The impact of CVE-2026-28118 is significant for organizations using the Welldone WordPress theme. Exploitation of this LFI vulnerability can lead to unauthorized disclosure of sensitive server files, including configuration files, credentials, and other critical data, compromising confidentiality. In some scenarios, attackers may leverage the vulnerability to execute arbitrary code or pivot further into the network, affecting integrity and availability. This can result in website defacement, data breaches, or service disruptions. Given the widespread use of WordPress globally, many small to medium-sized businesses and content-driven websites are at risk, especially those that do not regularly update themes or implement security best practices. The lack of authentication requirements and user interaction for exploitation increases the threat level, making automated attacks feasible. Although no active exploits are known, the vulnerability's nature and potential impact warrant urgent attention to prevent future attacks.

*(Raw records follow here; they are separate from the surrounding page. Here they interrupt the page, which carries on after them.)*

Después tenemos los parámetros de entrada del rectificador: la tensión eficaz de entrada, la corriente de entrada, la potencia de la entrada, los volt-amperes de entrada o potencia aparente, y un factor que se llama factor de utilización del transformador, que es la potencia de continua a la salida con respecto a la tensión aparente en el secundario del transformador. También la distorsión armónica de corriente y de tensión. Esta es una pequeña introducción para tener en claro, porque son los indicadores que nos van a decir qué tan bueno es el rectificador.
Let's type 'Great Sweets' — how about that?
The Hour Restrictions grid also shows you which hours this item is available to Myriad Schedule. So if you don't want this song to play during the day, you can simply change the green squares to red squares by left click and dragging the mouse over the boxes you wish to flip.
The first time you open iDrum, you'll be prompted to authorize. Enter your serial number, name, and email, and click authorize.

To mitigate CVE-2026-28118, organizations should take the following specific actions: 1) Immediately audit all WordPress installations to identify usage of the Welldone theme and determine the version in use. 2) Apply any available patches or updates from axiomthemes as soon as they are released. 3) If patches are not yet available, implement temporary mitigations such as disabling or restricting PHP include/require functionality via configuration or code changes, particularly by enforcing strict whitelisting of allowable file paths. 4) Employ Web Application Firewalls (WAFs) with rules designed to detect and block attempts to exploit LFI vulnerabilities, including suspicious URL parameters or file inclusion patterns. 5) Harden server configurations by disabling remote file inclusion (allow_url_include=Off in php.ini) and restricting file permissions to limit access to sensitive files. 6) Monitor web server logs for unusual requests that attempt to manipulate include parameters. 7) Educate developers and administrators on secure coding practices to validate and sanitize all user inputs related to file operations. 8) Consider isolating or sandboxing web applications to limit the impact of potential compromises. These measures collectively reduce the attack surface and help protect against exploitation until a permanent fix is applied.